I searched high and low, but nothing came close. That’s when I decided to go into the kitchen. After countless trials, I finally recreated the mochi sensation I missed so dearly: soft, stretchy, and a satisfying chew—with none of the sugar or carbs.
This Daifuku Mochi Baking Mix is the first product I ever created—and the one still closest to my heart. It delivers a soft, elastic mochi skin that wraps your favorite filling, all while being low-carb, gluten-free, vegan, fiber-rich, and made with clean ingredients, at just 1g net carb per mochi piece.
Finally, a feel-good indulgence that tastes like the real deal.
What You Need to Make Low Carb Mochi Ice Cream
Our Daifuku Mochi Baking Mix is versatile for all types of fillings, not just ice cream! It also works beautifully for classic daifuku with red bean paste (check out our Daifuku Mochi recipe blog for the full recipe), custard cream, Ichigo Daifuku (strawberry mochi), or enjoy it plain as dango—offering endless possibilities.
Here’s everything you’ll need to recreate this beloved Japanese treat!

- Ingredients (makes 6 mochi rounds)
- 135g of our Daifuku Mochi Baking Mix
- 90g room temperature water (use filtered or purified water for best result)
- 9g (about 2 tsp) clear-colored, neutral-flavored oil (e.g. MCT oil or liquid coconut oil such as Nutiva Organic Liquid Fractionated Coconut Oil).
👉🏻 Use only oils that stay liquid at room temperature so the mochi stays soft. - 1 tablespoon Glutinous Rice Flour for dusting. You may also substitute with cornstarch or potato starch.
👉🏻 Worried about carbs? One tablespoon contains about 8g of carbs, and you’ll be using less than that in this recipe. (If you prefer a zero-carb option, use bamboo flour instead.) - Your favorite ice cream (we recommend Nick’s Strawberry Swirl—keto friendly with real strawberry bits!)
💡 Tip: Prepare your ice cream filling ahead of time:- Line a muffin pan with 6 liners.

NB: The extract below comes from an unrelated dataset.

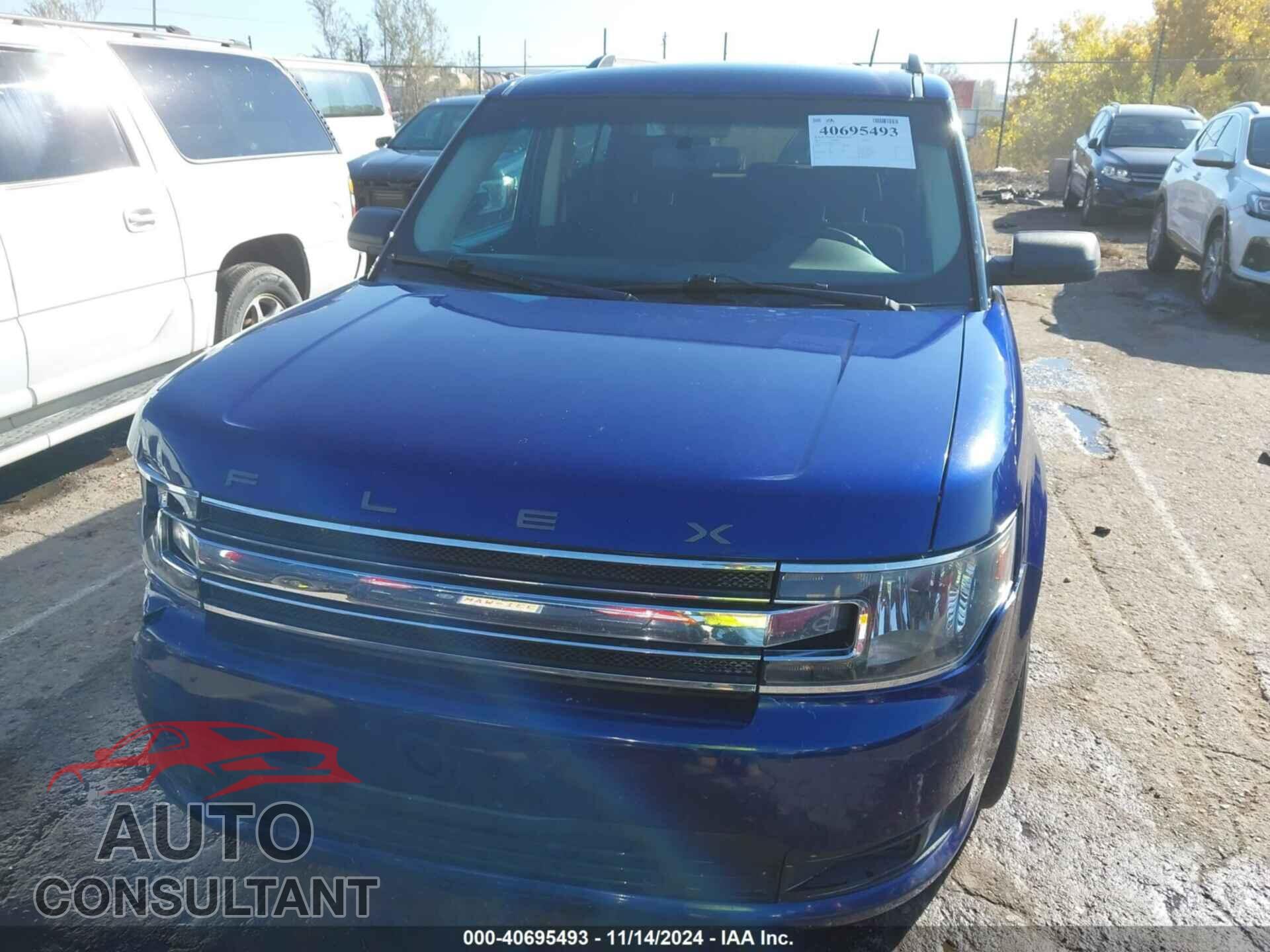 FORD FLEX 2014 - 2FMGK5B83EBD10413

- Using a small cookie scoop (4-teaspoons size), scoop the ice cream into 6 round balls and place them in the freezer to firm up for at least 1 hour.
- Tools
- 1.5-quart microwave-safe bowl
- Spatula
- Small whisk (or fork)
- Kitchen scale (essential for true mochi texture!)
- Food-safe gloves
- Silicone mat
- Plastic wrap
How to Make Low Carb Mochi Ice Cream
1. Prepare the dough
- In a microwave-safe bowl, combine 135g of our Daifuku Mochi Baking Mix with 90g room-temperature, filtered water. Mix with a whisk (or fork) until the batter is smooth and no dry lumps remain.
💡 Important: Use a kitchen scale to get accurate measurements. Even a small difference in water will change the result. - Scrape the sides of the bowl with a spatula and mix again until fully combined.

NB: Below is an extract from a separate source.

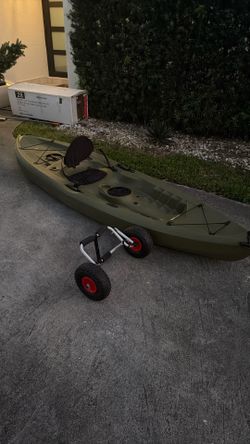 Lifetime Kayak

- Cover the bowl with plastic wrap and poke a few small holes for steam to escape.
- Microwave Heating (Three Stages | 1000W)
- Stage 1: Microwave on high for 60 seconds
- Remove the bowl and stir thoroughly for 20–30 seconds, scraping the sides and folding the dough toward the center.
👉🏻 At this stage, the dough will thicken noticeably but may still look slightly wet.
- Remove the bowl and stir thoroughly for 20–30 seconds, scraping the sides and folding the dough toward the center.
- Stage 2: Return the bowl to the microwave and heat for another 35 seconds.
- Remove and stir again for 10–15 seconds to even out the texture and expose any remaining moist spots.
👉🏻The dough should now turn opaque (milky white) and release a faint, sweet glutinous-rice aroma.
- Remove and stir again for 10–15 seconds to even out the texture and expose any remaining moist spots.
- Stage 3: Return the bowl to the microwave and heat for a final 15 seconds.
- This final burst fully sets the structure and eliminates remaining wet areas.
- Stage 1: Microwave on high for 60 seconds
2. Add Oil & Let It Rest
- Remove the plastic wrap — be careful of hot steam!
- Add 9g oil to the hot dough. Using a spatula, mix firmly for 1–2 minutes to begin working the oil into the dough.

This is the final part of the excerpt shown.